第100話 初めて過ごした朝

文字数 1,530文字

一人になると、やっぱり涙が出て止まらなかった。彼のお陰で明るくやり過ごせたけれど、ここから先は自分で戦わなくちゃいけないんだろう。

そろそろ彼は寝たかな、せめてもと思い電気をつけ部屋を明るくした。

出窓に両肘をつき東京の夜景をただ眺めていた、故郷を捨てて父は何を思ってこの街で暮らしていたのだろうか。

秋の終わりかけとは言え東京は生暖かい夜風が吹き抜けてくる。あと二週間したら実家の近辺では雪が舞う日が出てくるのに。

父さんは少しの間でもあの女の人と暮らせて幸せだったのだろうか。

ふと智が生まれた日を思い出した、お父さんと一緒に病院に行って初めてみた弟があまりに可愛くて泣いた。お父さんも智を見て泣いていた、お母さんはそんなお父さんを見て泣いていた。

あの日は珍しく家族らしい一日だったな。

今まで父さんがどこかに生きてる気がしてた、本当に死んじゃったらどうしたらいいんだろう。

部屋の戸がノックされたので慌ててティッシュで涙を拭った。小さく深呼吸すると何事もなかったかのように装いながら戸を開けた。

「どうしたの?」と無理に明るい調子で聞くと「眠れてないだろうから、一緒にいるよ」と彼は言った。

自分の意思とは正反対に涙があふれてきた。彼は私を抱きしめて「そしたらへそ周りぐらい見せてくれるかなって思って」と言ってのけたので「見せないから」と言いながらまた泣けた。


私を布団に寝かすとその横に座り「眠れるまで居るから」と私の髪を撫でた。

「俺さ、実は嘘ついてることあるんだ」「何?」「数年前店で本当にサッカーボールプレイした」
「そんなのこのまま有耶無耶にしといてよ」

「悪いことしたり嘘ついたりしたら天罰がくだるんだよ、そのうち週刊誌にサッカーボールプレイの詳細な内容とか載せられそうだから今懺悔する」

「意外と信心深いんだ」「俺育ちいいから」「自分で言っちゃうの?」そう言って二人で笑った。

彼の笑顔を見ていたら心の奥底に仕舞い込んだ気持ちを聞いて貰いたくなった。

「ねぇ、ここでしか言えないことがあるんだ。言ってもいい?」「何でも聞くよ」

「誰にも言えなかったけれど、お母さんのこと実は少し恨んでるんだ」
「そうなの?」

「まず一つ目の恨み言、二十歳の誕生日までは友達も家族もみんな「おめでとう」って祝ってくれてたのに、母さんが翌日にあんな事したから、祝福される日じゃなくなっちゃったんだ。

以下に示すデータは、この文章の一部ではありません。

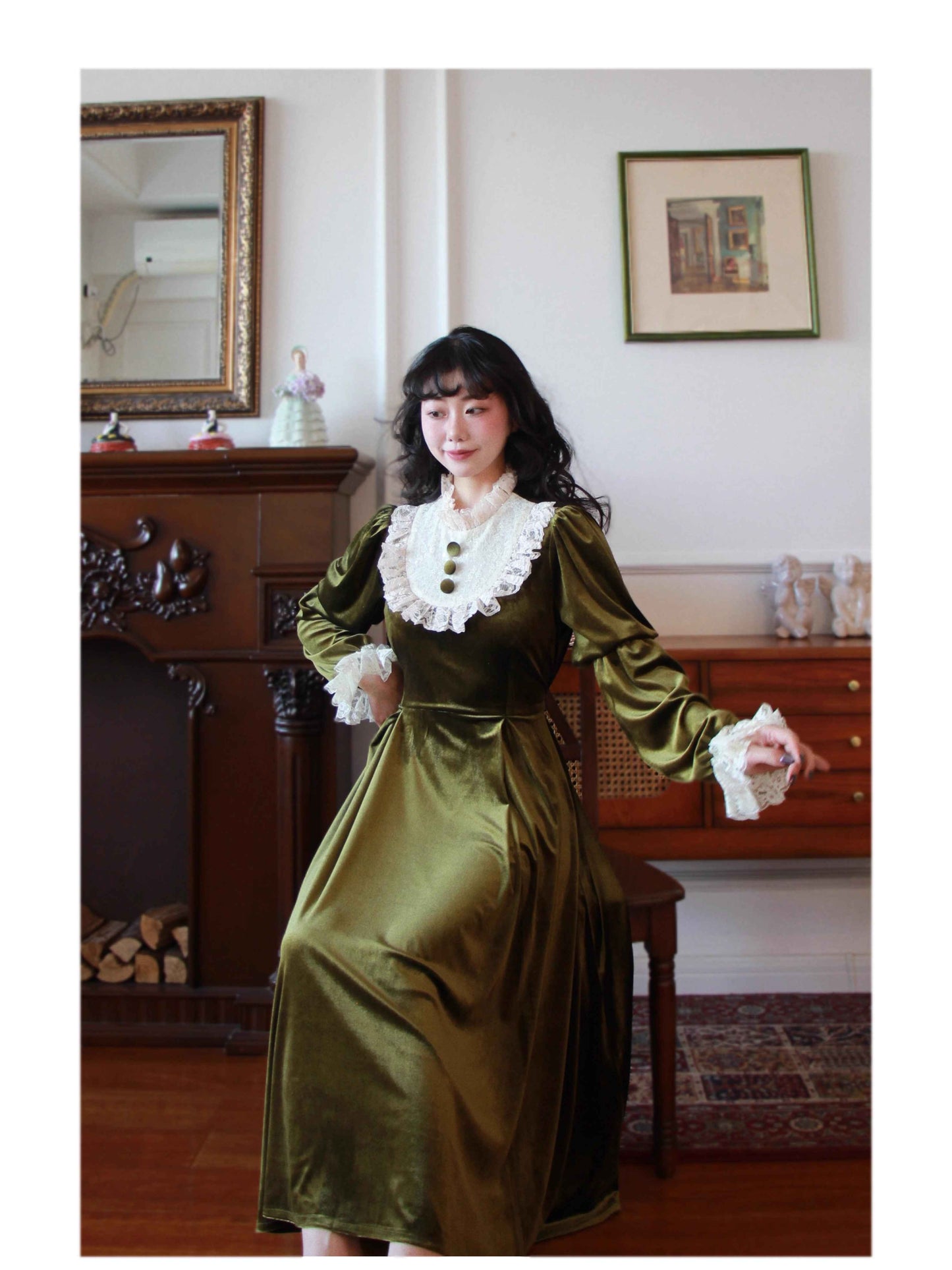 Vintage 30s Lace Stitched Velvet Dress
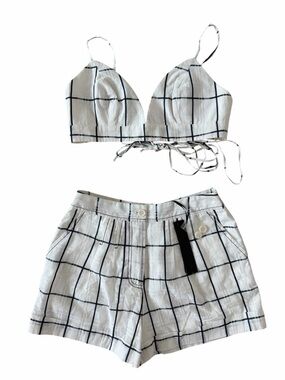 House of Harlow 1960 X Revolve White Black Crop Top Shorts Set size Medium NEW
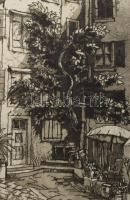 Varga Mátyás (1910-2002): Kirándulás, 1979. Rézkarc, papír, jelzett, paszpartuban, 24×30 cm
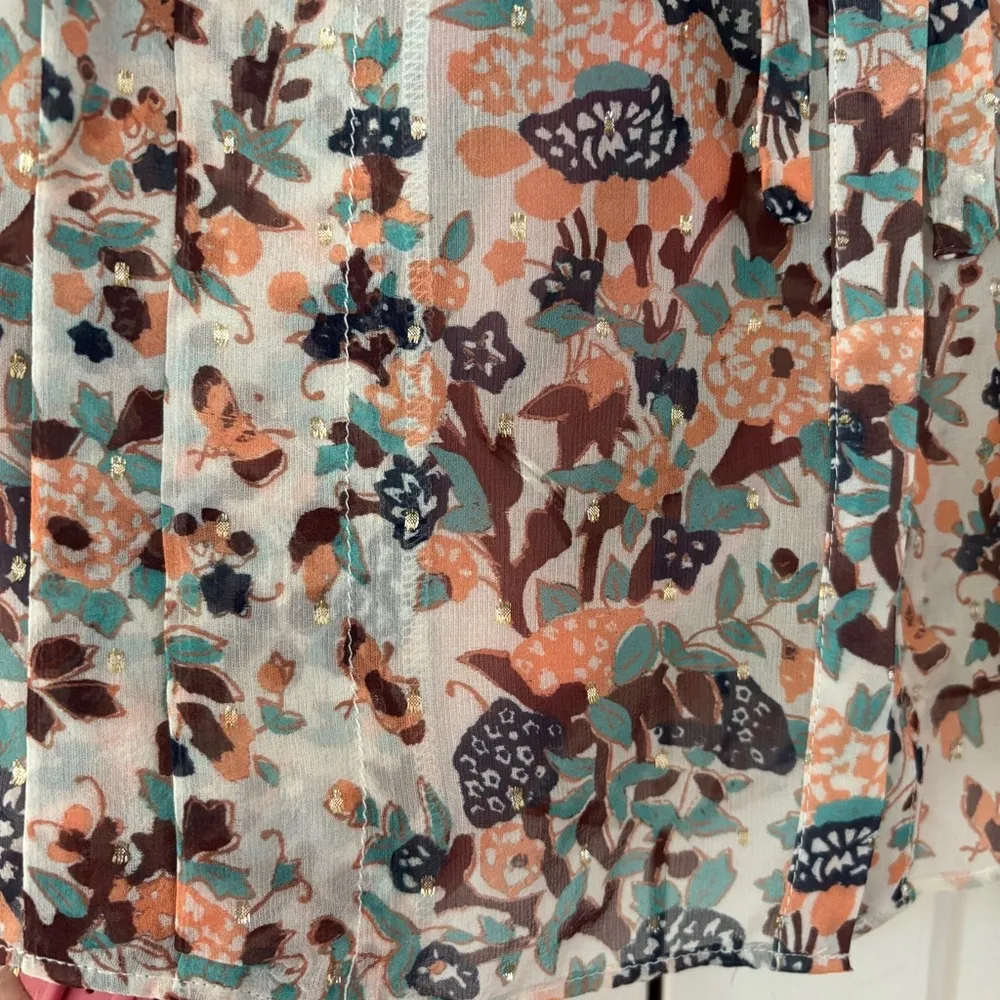 ULLA JOHNSON Edith Blouse Gardenia Floral Metallic Silk Button Front Bow Size 6 - Image 9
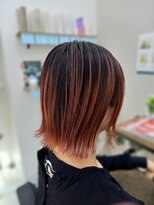 ヘアースタジオココルッチ(hair studio CoCo-Rucchi)&nbsp;切りっぱなしボブ×ピンクブーケ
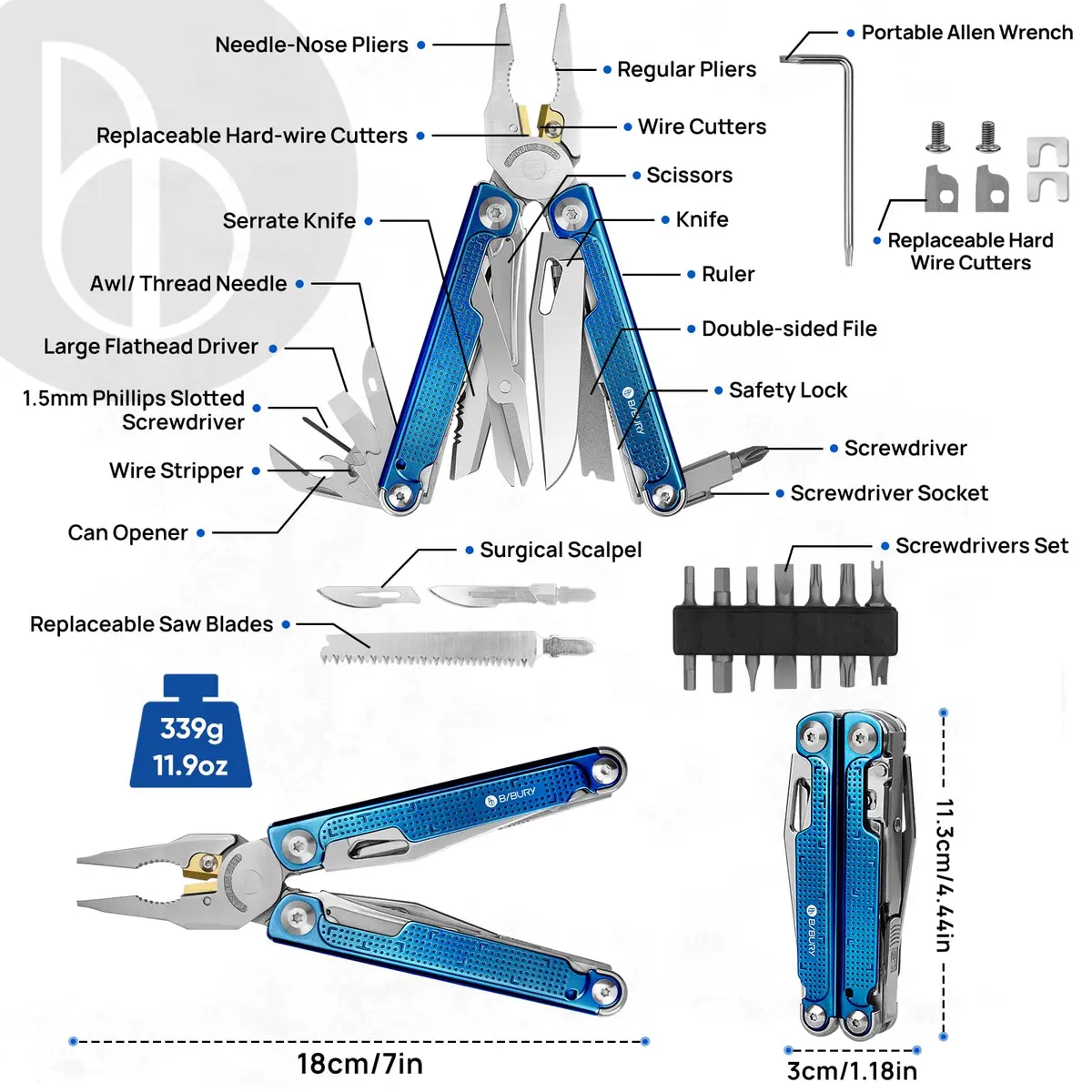 BIBURY Multitool Pliers with Blue Titanium Handle & 440A Knife | Durable & Versatile for Outdoor & DIY - view 9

その時期になると友達は腫物に触るみたいになるし、智達は不安定になるしさ、母さんも何であの日に発作的にあんなことしたんだろう。

もう三十過ぎてからは年だけ重ねる憂鬱な日だから別にいいんだけど、21歳から29歳までの誕生日もっと楽しくしたかった。これが一つ目の恨み言」

そう言って笑うと彼は優しく髪を撫でた。
「今年の誕生日は何する?」「私の誕生日五月だけど今から考えるの?」
「そうだよ、何でも言ってみて」

五月まで彼は一緒に居てくれるのだろうか

「何だろうな、美味しいピザが食べたいかな」
「それだけでいいの?」
「うん、チーズ好きだし。イタリアに行ってピザ食べるみたいな派手な事より家で美味しいピザ食べて二人で引きこもってたい、私は根が隠キャで地味だから」

彼が五月も一緒に居てくれるなら、他に欲しいものなんてない。そんな事口に出せないけれど。

彼は「俺も女に合わせて派手なことしてきたけど、本当は家にいる方が好きだよ、わかってたけど気が合うな」と笑った。

彼と自分は似ている、細々とした好きなものは違うけれど、大まかなものは同じなのだ。一緒にいて気がとても楽だ、彼もそう思ってくれているのだろうか。